Bone destruction developed in 16 of 6,800 patients taking the medicine, tanezumab, as part of Pfizer’s development program, and they all needed a complete joint replacement for the affected knee, hip or shoulder, according to a report in the New England Journal of Medicine. Pain-free patients may have put excessive pressure on their fragile joints because they weren’t getting natural pain signals to take it easy, said the lead researcher, Nancy Lane.
There was no dispute over whether the drug worked:
Reduction in knee pain ranged from 45 percent to 62 percent in those given the Pfizer drug, depending on the dose, compared with 22 percent for those given placebo.
But its larger failure -- the "rapid progression of arthritis" that occurred in 16 subjects -- may cause a rethink about chronic inflammatory pain:
“Pain has an important role in the avoidance of self-harm, but chronic inflammatory pain has generally been considered to be wholly undesirable,” said John Wood, professor of neurobiology at University College London, in an editorial that accompanied the research. “The study by Lane et al. suggests that a complete quenching of pain in patients with osteoarthritis may not necessarily be a good thing.”
Here is one of those places where medical science is going to get smarter in the next decade or two, I predict. I think chronic inflammation is wholly undesirable. But I think the associated pain, at least within reasonable limits, is actually desirable. The burning has levels of intensity, which are a way of providing invaluable feedback, telling you what not to do. Drugs to mute that pain -- to mask it, to immerse a knee pain sufferer in a cloud of false, pleasant feelings -- are simply obstacles to healing.

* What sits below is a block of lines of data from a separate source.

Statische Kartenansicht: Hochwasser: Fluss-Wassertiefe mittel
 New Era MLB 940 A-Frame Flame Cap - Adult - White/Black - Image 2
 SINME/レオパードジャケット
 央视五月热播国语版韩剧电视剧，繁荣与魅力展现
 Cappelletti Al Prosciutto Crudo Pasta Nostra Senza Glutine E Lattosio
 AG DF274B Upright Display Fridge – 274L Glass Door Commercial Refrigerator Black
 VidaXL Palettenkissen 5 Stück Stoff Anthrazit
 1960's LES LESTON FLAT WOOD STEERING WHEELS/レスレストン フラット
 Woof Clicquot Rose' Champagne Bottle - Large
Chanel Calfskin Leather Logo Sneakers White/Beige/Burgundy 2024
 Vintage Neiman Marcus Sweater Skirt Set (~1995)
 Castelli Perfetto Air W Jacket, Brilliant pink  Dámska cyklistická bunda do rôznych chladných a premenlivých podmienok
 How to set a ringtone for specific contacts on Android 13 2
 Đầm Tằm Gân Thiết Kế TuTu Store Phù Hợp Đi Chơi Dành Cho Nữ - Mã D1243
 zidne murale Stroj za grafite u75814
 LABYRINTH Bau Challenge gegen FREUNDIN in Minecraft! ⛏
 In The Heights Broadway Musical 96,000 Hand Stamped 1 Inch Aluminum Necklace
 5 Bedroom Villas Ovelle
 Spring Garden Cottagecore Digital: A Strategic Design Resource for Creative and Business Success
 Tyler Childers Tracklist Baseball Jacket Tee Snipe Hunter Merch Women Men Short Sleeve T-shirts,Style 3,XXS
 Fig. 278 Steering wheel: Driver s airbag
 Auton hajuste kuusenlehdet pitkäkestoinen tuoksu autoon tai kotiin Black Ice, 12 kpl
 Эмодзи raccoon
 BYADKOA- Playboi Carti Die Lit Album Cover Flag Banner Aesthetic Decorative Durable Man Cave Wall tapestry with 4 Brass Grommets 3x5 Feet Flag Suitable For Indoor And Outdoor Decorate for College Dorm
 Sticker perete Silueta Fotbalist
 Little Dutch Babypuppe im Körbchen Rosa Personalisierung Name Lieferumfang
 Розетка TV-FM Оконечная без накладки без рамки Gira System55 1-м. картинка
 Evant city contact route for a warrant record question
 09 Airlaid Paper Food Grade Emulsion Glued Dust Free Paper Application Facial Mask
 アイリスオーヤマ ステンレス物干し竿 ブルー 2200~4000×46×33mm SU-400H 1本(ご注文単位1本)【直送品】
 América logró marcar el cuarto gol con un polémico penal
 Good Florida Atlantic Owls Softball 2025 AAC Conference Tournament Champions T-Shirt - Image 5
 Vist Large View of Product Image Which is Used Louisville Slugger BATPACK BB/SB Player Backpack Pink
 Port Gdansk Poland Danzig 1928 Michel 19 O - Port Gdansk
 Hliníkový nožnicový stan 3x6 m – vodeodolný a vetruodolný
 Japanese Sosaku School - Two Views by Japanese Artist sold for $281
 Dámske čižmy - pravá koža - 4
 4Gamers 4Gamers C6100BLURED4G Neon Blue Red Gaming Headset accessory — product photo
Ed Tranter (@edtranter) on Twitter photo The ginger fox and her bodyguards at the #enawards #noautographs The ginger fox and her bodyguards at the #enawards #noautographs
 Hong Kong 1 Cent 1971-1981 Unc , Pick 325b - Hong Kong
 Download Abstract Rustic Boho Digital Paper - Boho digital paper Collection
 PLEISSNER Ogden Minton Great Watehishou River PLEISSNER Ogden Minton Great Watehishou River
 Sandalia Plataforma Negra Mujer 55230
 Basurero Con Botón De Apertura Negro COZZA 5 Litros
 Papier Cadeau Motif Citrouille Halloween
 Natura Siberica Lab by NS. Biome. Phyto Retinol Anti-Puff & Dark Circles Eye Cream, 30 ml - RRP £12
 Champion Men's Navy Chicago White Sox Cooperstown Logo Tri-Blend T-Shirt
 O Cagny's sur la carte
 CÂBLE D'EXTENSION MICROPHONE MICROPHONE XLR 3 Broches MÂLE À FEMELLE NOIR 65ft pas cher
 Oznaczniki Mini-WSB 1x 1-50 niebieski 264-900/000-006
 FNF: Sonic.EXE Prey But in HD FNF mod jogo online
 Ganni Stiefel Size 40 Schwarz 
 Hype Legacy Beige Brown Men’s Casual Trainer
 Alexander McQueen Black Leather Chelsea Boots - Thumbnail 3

When I was frustrated and desperate, seeking to beat patellofemoral pain syndrome and tame a pair of knees that were constantly inflamed while sitting, I was given drugs by a doctor who said I had arthritis. One afternoon at work, I took the pills -- one was to combat inflammation, the other was to combat the effects on my stomach of the first pill. I have to admit, they did make normal bent-knee sitting easier.

And the next morning, when I woke up, I noticed my knees felt worse than normal.

Why? Because the arthritis drug allowed me to ignore the inflammation pain signals and engage in an activity (sitting) that I simply wasn't strong enough to do yet. When I realized what was happening, I swore I'd never take one of those damn things again. And over the next two or so years -- which included more than a few bad days, and a long recovery from knee pain -- I never did.

Anti-inflammatories allow knee pain sufferers to do things they shouldn't. For example, on a message board once I read about how someone had trouble climbing and descending stairs, so he just popped a couple of Advil for the pain ... and I just shook my head. Sure, the Advil will enable someone to climb stairs better. But if your knees can't handle stairs, why not try to figure out how to strengthen them so that they can, and in the meantime -- I know it's hard -- avoid stairs. It can be done.

Do you really want to heal? Or do you just want to forget you hurt?

One last important note: I know there are people who have knees that hurt terribly, and having gone through my own hell, I wouldn't take pain drugs out of their hands. It's awful when your knees hurt all the time. I've been there. But if you want to heal -- and you can; that's my message of hope -- beware of medication. I think it does much more harm than good.